В лицо мне ударил ветер: ледяной, отнюдь не сентябрьский. С собой он нес… нет, не соленые брызги, как можно было бы предположить, исходя из ситуации, а колкие частички песка. Я оторвал взгляд от рук, сжимающих до боли в суставах леер, и посмотрел на море.
Моря не было! Я изумленно мотнул головой, не зная, что и подумать: происходит ли это наяву? Не сошел ли я с ума от полуночных писательских бдений? Походило на то, что весь Мировой океан обмелел и высох в одно мгновение! Исчезла колышущаяся зыбь ночного моря, вместо него глаза мои лицезрели голое скалистое возвышение. Исчез туман, теперь его заменяли тучи пыли, гонимые порывистым ветром. Я задрал голову, силясь разглядеть, откуда же исходит колокольный звон, однако над собой увидел лишь низкое темное небо, в котором господствовала песчаная буря.

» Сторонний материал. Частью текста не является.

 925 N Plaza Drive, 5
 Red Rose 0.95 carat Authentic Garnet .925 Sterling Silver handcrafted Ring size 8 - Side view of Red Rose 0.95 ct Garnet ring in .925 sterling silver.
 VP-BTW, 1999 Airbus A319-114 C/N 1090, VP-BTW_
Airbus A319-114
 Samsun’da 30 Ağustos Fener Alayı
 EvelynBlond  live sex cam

Но вот по плотным тучам скользнуло яркое пятно, будто кто-то направил вверх луч прожектора. Далее световая волна прокатилась по возвышению, затмевая топовые, отличительные и гакабортные огни «Кречета». Было не понять, боевые ли это фонари неведомых кораблей или же какое-то редкое явление природы.
А по палубам уже барабанили каблуки. Вахтенные вышли из оцепенения и принялись бить тревогу. Матросы спешили занять боевые посты, но офицеры пребывали в растерянности:
— Экипаж — к бою! Расчеты — к орудиям! — кричали одни.

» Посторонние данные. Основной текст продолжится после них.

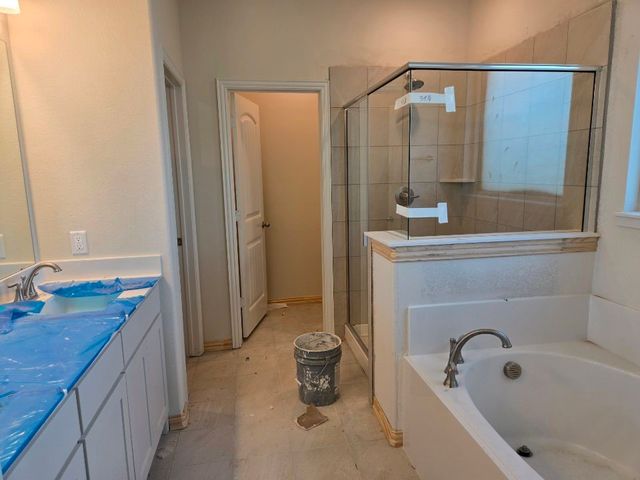 125 Hillview Trail, Decatur, TX 76234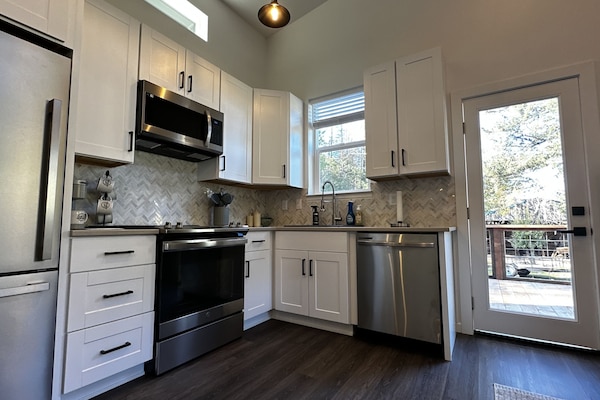 Frigorífico, microondas, horno y placa de cocina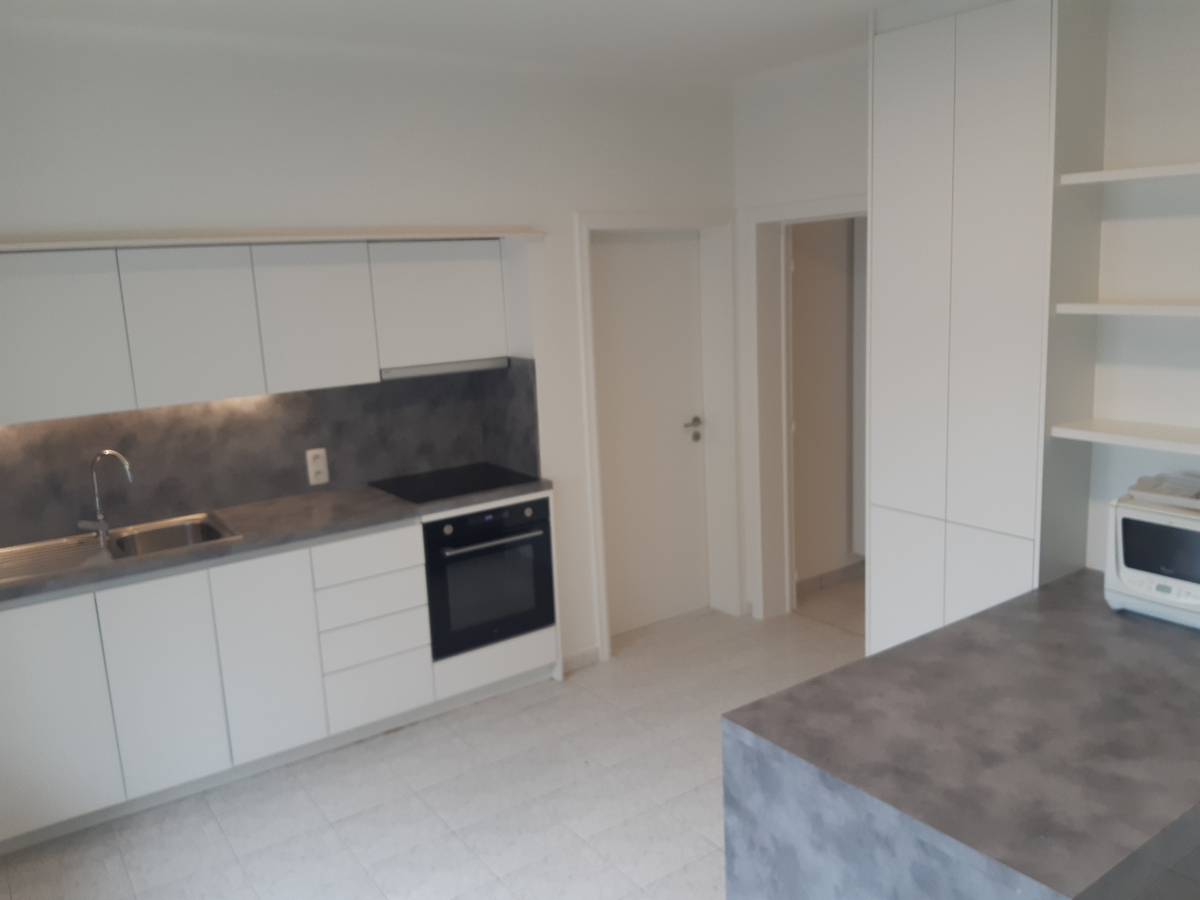 Gerenoveerde woning met weide en loods. 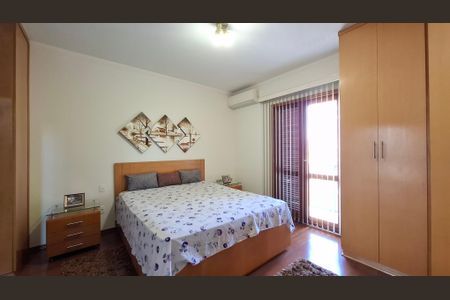 Casa à venda com 298m², 3 quartos e 4 vagasQuarto 1 suíte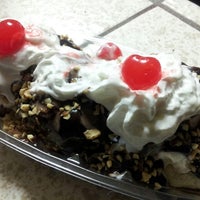 Photo taken at Baskin-Robbins by Gwendolyn W. on 1/1/2014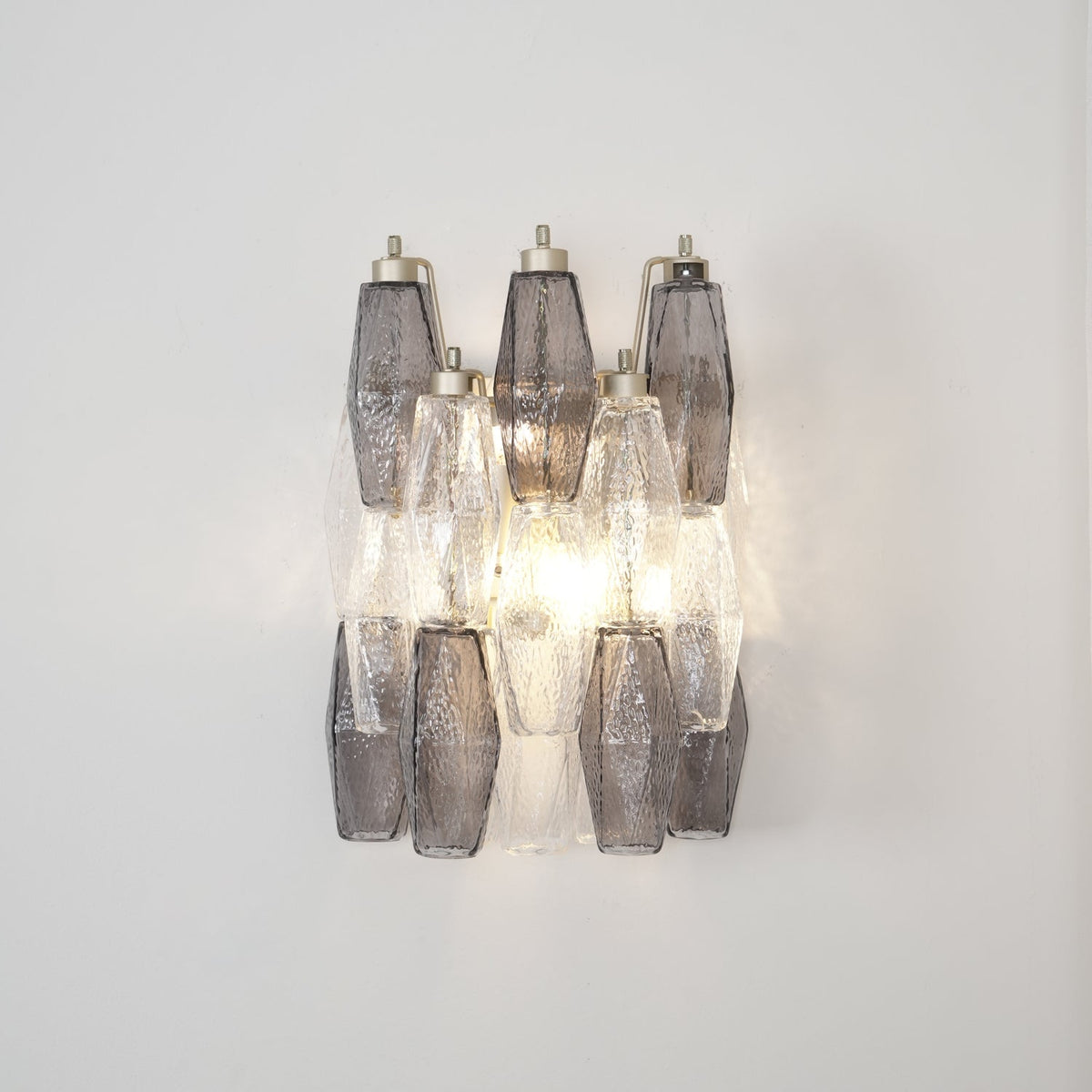 Eiruaria vägglampa rombformat glas i nivåer samtida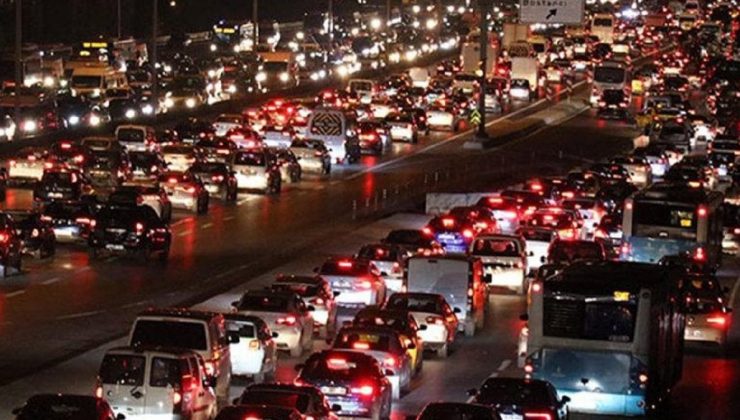 İstanbul’da gece yarısı trafik kilitlendi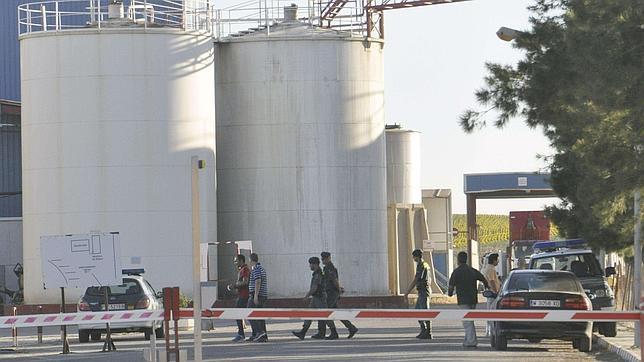 La Guardia Civil retira en Agricultura documentos sobre las naves de harina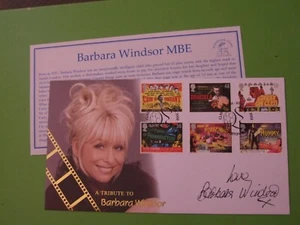 BUCKINGHAM COVERS FDC 2008 CARRY ON & HAMMER HORROR SIGNED BARBARA WINDSOR - Picture 1 of 1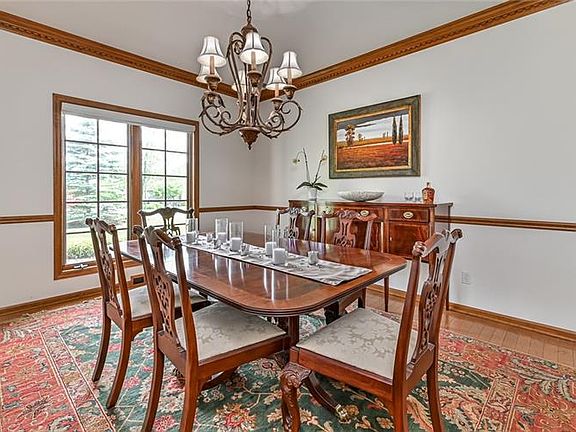 4th image of 157 Windwood Dr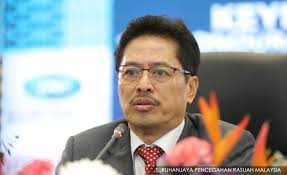 12 fakta yang perlu dinilai mengenai isu Azam Baki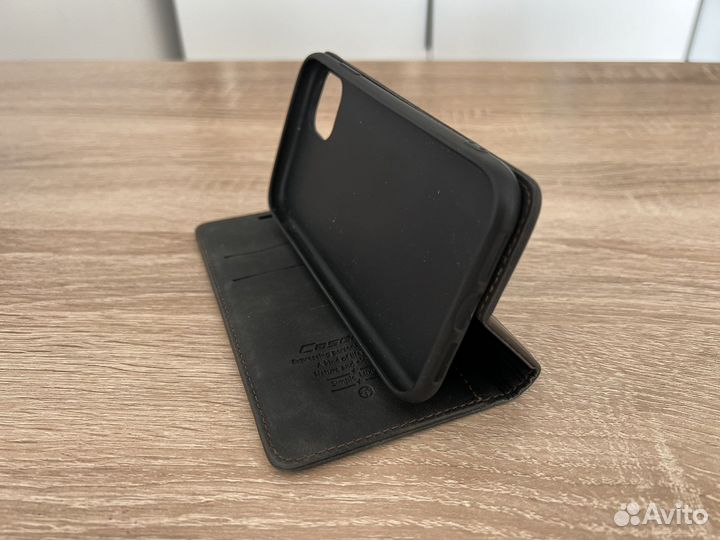 Чехол на iPhone 11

— Покинуть корабль! Средства спасения — на воду! — вопили другие.
Если в это время кто-то и нападал на «Кречет», то добить поверженного Левиафана им бы не составило труда.
Я почувствовал, что на мои кулаки капает теплая влага. Проклятье! Пошла носом кровь! Этого еще не хватало!

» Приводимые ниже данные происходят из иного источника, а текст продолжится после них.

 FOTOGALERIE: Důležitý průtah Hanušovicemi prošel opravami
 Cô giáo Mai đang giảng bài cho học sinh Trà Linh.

Врач не имеет права ощущать слабость и дурноту. Тем более в обстоятельствах, когда команде с минуты на минуту может потребоваться его помощь. Я же стоял, шатаясь, словно пьяный матрос, и не решался даже одной рукой отпустить леер, чтобы достать из кармана носовой платок. Если разожму кулаки, то в тот же миг упаду, это как пить дать. И дело было вовсе не в наклоне палубы. Я задыхался… по крайней мере, мне так казалось. Одновременно я находился в плену необъяснимой, небывалой легкости и еще… еще жутко кружилась голова.
— Покориться! — раздался громоподобный вибрирующий голос.
По палубам загромыхало что-то тяжелое. Кто-то отчаянно выругался, кто-то испуганно заверещал. Я беспомощно вертел головой, пытаясь рас смотреть, что же все-таки происходит, но ветер, как назло, швырнул мне в глаза пригоршню песка.